Senate Majority Leader Chuck Schumer has said that holding up the promotion of military leaders, most of whom have dedicated their lives to protecting the country, “is one of the most abominable and outrageous things I have ever seen in this chamber, witnessed by the fact that no one has ever had the temerity, the gall to do this before.”
Here’s what to know about the clash over Pentagon policy.
TUBERVILLE’S BIG GAMBLE
Approving military nominations and promotions has long been one of the most bipartisan duties of the Senate. But the Alabama Republican shattered that norm with his blanket hold, which the Pentagon says has already stalled more than 260 nominations of senior officers and could balloon to 650 by the end of the year.
Tuberville, a former college football coach who has closely aligned himself with former President Donald Trump since he was elected in 2020, has showed few signs of letting up.
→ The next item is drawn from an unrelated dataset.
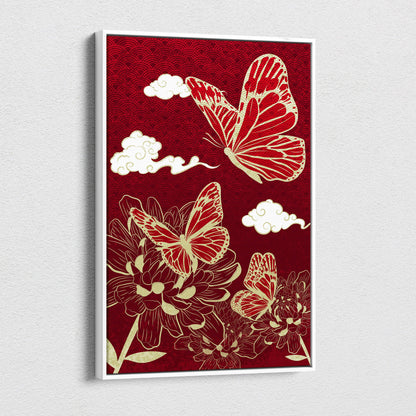 Red and gold butterfly floral canvas wall art with intricate japanese line art patterns for elegant zen decor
Democrats have repeatedly gone to the Senate floor to try and call up the nominations. But Tuberville has objected each time.
Tuberville says he won’t drop the holds until there is a vote on the Pentagon policy. But he hasn’t introduced legislation to overturn it and insists that debate on amendments to change the policy wouldn’t count.
Instead, he has proposed a very specific, unusual strategy: Democrats should introduce their own bill on the policy and hold a vote.
Democratic leaders such as Schumer, who support the existing policy, say it’s up to the GOP.
“The onus is on Republican senators to prevail on Senator Tuberville and get him to back off his reckless pursuit,” Schumer said this week.
THE POWER OF ONE
In the Senate, one senator can hold up nominations or legislation even if the other 99 want it to move forward.
Generally, leaders in the majority party get around this by holding a series of votes to move a measure and dispense of the hold. It just takes some additional time on the Senate floor.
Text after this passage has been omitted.